**Task:** Produce an exact transcription of the listing below, omitting the pictures.

**Information provided:**
-- -- --

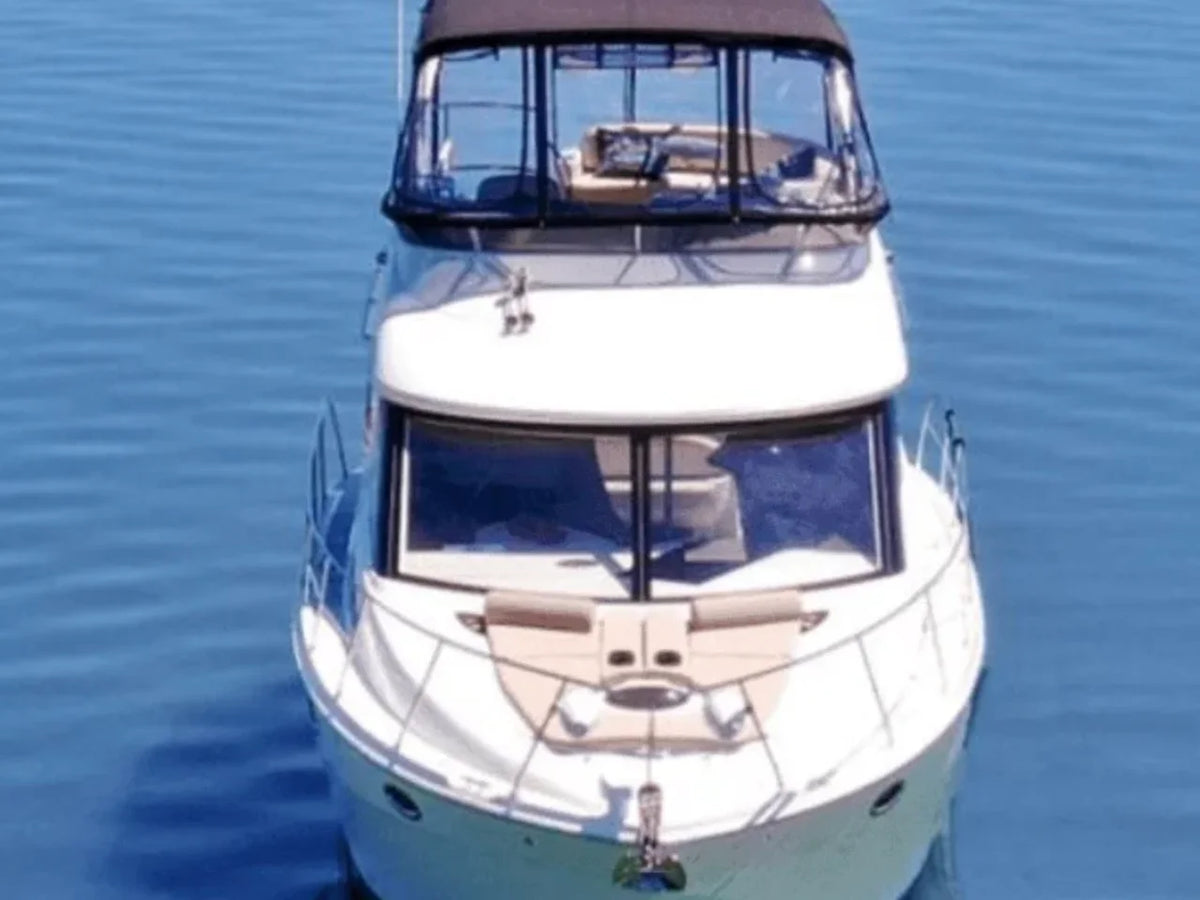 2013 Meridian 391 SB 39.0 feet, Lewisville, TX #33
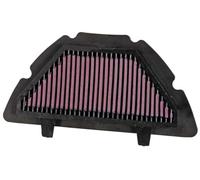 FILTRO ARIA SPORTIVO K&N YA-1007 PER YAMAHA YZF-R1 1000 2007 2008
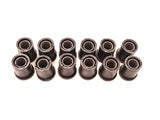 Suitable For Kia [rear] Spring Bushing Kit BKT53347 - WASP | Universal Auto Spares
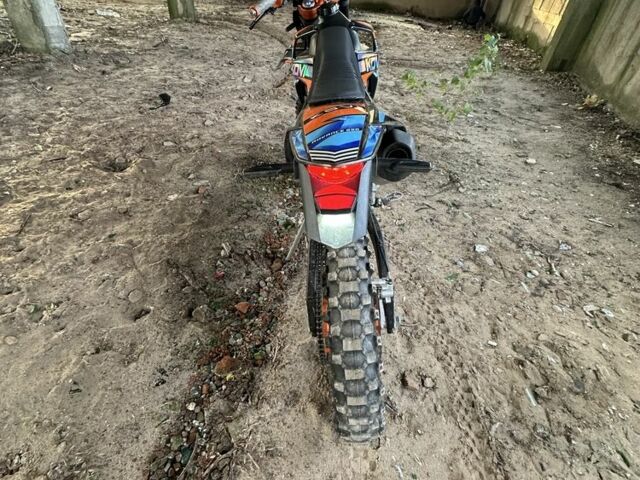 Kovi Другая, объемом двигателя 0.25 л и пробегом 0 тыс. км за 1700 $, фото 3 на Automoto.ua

-- -- --

**Task solution:**
 2013 Meridian 391 SB 39.0 feet, Lewisville, TX #33
 FILTRO ARIA SPORTIVO K&N YA-1007 PER YAMAHA YZF-R1 1000 2007 2008
 Suitable For Kia [rear] Spring Bushing Kit BKT53347 - WASP | Universal Auto Spares
 Kovi Другая, объемом двигателя 0.25 л и пробегом 0 тыс. км за 1700 $, фото 3 на Automoto.ua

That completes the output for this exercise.